Data organization and naming conventions

Cygnus persists context data into several storages, i.e. HDFS, MySQL and CKAN. These storages work in a very different way, organizing the data in files, database tables and hierarchical resources, respectively. In addition, all of them have different constraints regarding the naming of their elements.

This document summarizes the effort done by Cygnus in exposing an homogeneus way of organizing the data and a naming convention for the whole structure supporting the data.

Data organization

Orion headers

The way Cygnus organizes the data derives from the way Orion Context Broker does it. When Orion notifies certain context data, a couple of Http headers are added to the notification:

  • fiware-service: in some way, this header identifies the tenant or client the context data belongs to.
  • fiware-servicePath: within a tenant, the data may come from different paths or sets, which will be identified by this header.

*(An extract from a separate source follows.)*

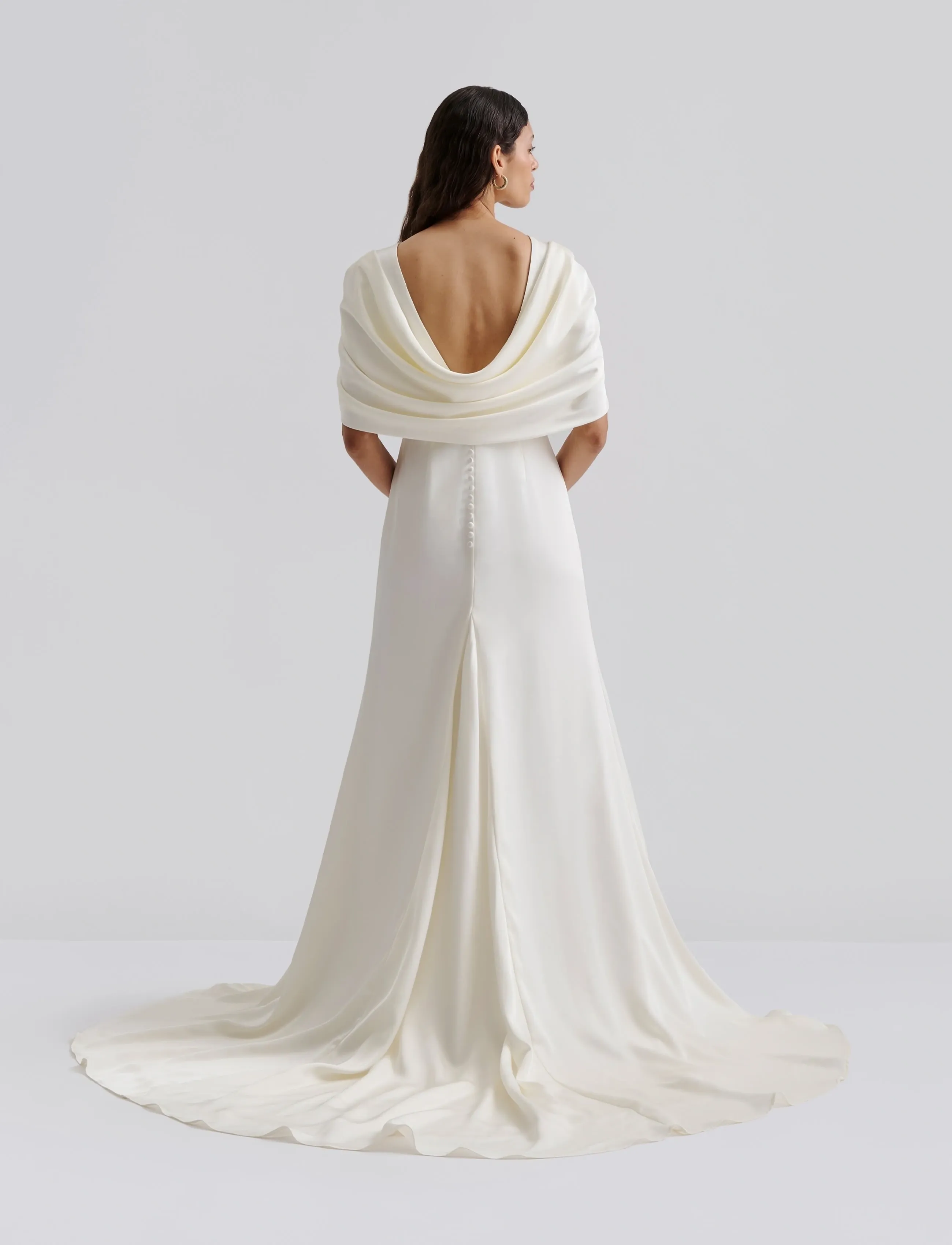 Louise Draped Back Satin Gown 2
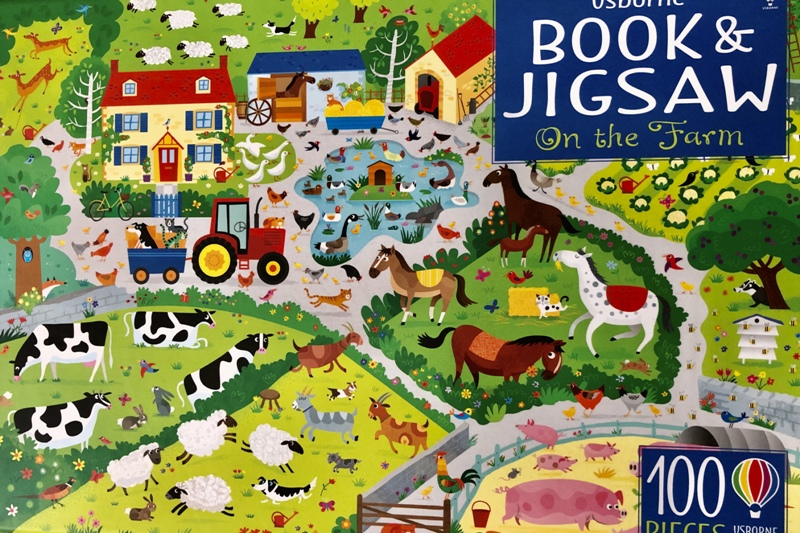 Usnorne  On the farm puzzle book and jigsaw จิ๊กซอว์ เด็ก ฝึกสมาธิ ช่วยลดการเล่นเกมส์ของลูกๆ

An example of how these headers are used could be found in a Smart City having different public services such as gardens maintenance or garbage collection. If for instance a sensor measure regarding a park's grass humidity has to be notified, then the city name will be given in the fiware-service header, while the fiware-servicePath will contain a path such as /gardens/parks/south_park.

As can be seen, this way of organizing the data composes some kind of three-level hierarchical structure, being the first level the service, then being the second level the servicePath and finally the notified entity. This structure will be translated to all the sinks within Cygnus.

HDFS data organization

HDFS, like any other file system, organizes the data in files within directories. Thus, it seems obvious how the notified context data can be organized in HDFS:

hdfs:///user/<default_username>/<fiware-service>/<fiware-servicePath>/<extracted_entity_name>/<extracted_entity_name>.txt

MySQL data organization

MySQL, like any other relational database, organizes the data in tables within databases. Nevertheless, this data organization implies the usage of only two levels, which will match the fiware-service (database name) and the entity_name (table name). To fix it, the fiware-servicePath is prefixed to the table name.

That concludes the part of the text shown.